Now that we understand the two principles of gift and reward, James 2:14-24 becomes clear. If the gift of eternal salvation is truly by faith alone, why does James speak of being justified by faith plus works? Many Bible readers have not been able to reconcile this passage with Romans 3:26―4:6. It is apparent that James is trying to motivate his Christian readers to proper living and good works. In verses 12 and 13 he begins with speaking about the coming judgment of believers: “So speak and so act as those who are to be judged” (James 2:12, NASB). Verse 13 follows with a continuation of the theme of the coming judgment seat of Christ where only Christians appear to be judged for their service, not with respect to eternal life. Immediately following is James’ question: “What use is it, my brethren, if someone says he has faith, but he has no works?" Can that faith save him? (v. 14, NASB).”
The key to understanding this passage is the meaning of the word “save.” The verb “to save” in Greek simply means to keep from loss, danger or ruin, or to make whole (see uses in Mark 5:23; Luke 8:36; Acts 27:20). The meaning of the word “save” must be determined by the context. Only in some cases does it mean to deliver from eternal condemnation to eternal life (Acts 16:31; Eph. 2:8). Here in James it is salvation from a negative judgment regarding a Christian’s life and service at the judgment seat of Christ that would prevent him from entering the kingdom as a reward. Those without good works are pictured by the unprofitable servant, who is negatively judged and loses his reward (Matt. 25:24-30). When Paul was assured that he had victoriously finished his course (2 Tim. 4:7), he could say, “The Lord will deliver me from every evil work, and will save me unto his heavenly kingdom: to Whom be the glory forever and ever. Amen.” (2 Tim. 4:18, ASV). (For another example of being saved for the kingdom, compare Matthew 24:12-13 with 2 Timothy 2:12.)
So there are two justifications in the New Testament. According to the Gift Principle, “justification is a gift by His grace through the redemption which is in Christ Jesus” (Rom. 3:24, lit.).

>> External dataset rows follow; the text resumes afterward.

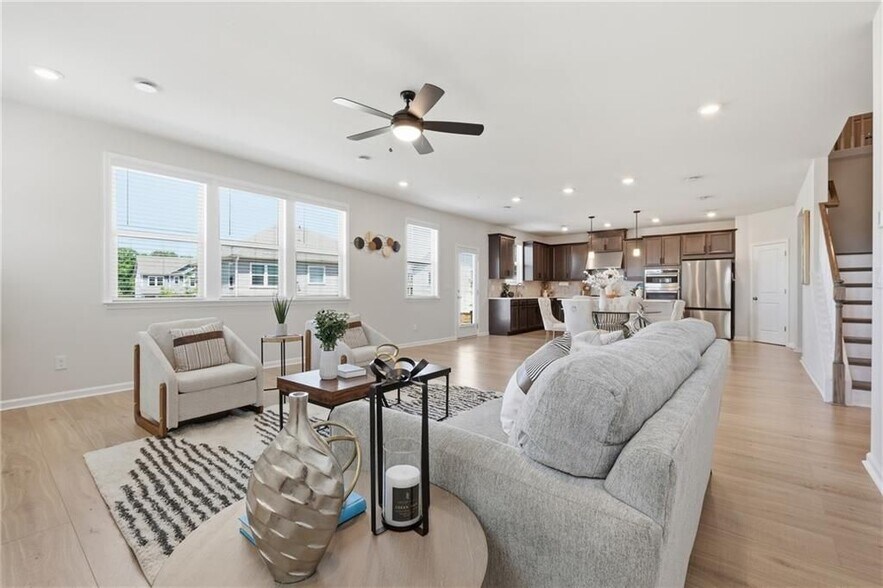 Building Photo - 8820 Shipton Cir
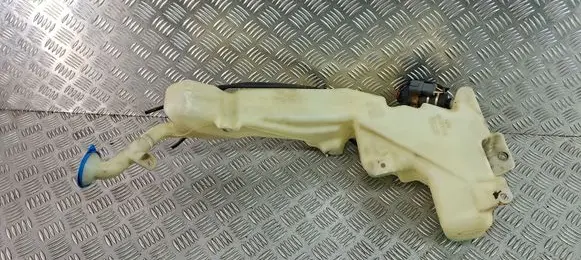 Honda CR-V Windshield washer fluid reservoir/tank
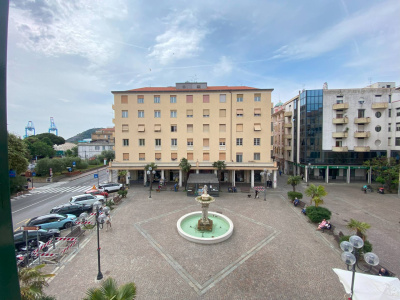 Piazza Cavour, Vado Ligure  (SV)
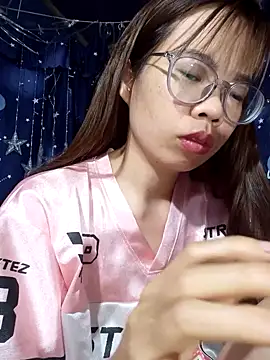   Mai-love19   online show from April 2026 08:20:02 AM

As shown earlier, this means that God declares us righteous as a legal act because of our faith in Jesus, apart from works (Rom. 3:26-28; 4:5-6). Because of this justification we can never be eternally condemned (Rom. 8:30-34), and we have new life in Christ (John 5:24; Rom. 4:25; 5:18). According to the Reward Principle, there is also a justification by works mentioned by James (James 2:21-24). This is justification for satisfactory service as a believer that brings reward. All believers must appear before Christ, Who will judge our works (1 Cor. 3:12-14; 4:4-5; 2 Cor. 5:10; 1 Peter 1:17). We may be disqualified from receiving a positive reward (1 Cor. 9:27) or we may be approved (James 1:12). There is justification through faith alone unto eternal life and justification through works bringing millennial reward. When, at the end of his life, God revealed to Paul that he had run victoriously, he was then confident that the righteous Judge would approve him to receive the crown of righteousness (2 Tim. 4:7-8). Paul’s possession of eternal life was never in question.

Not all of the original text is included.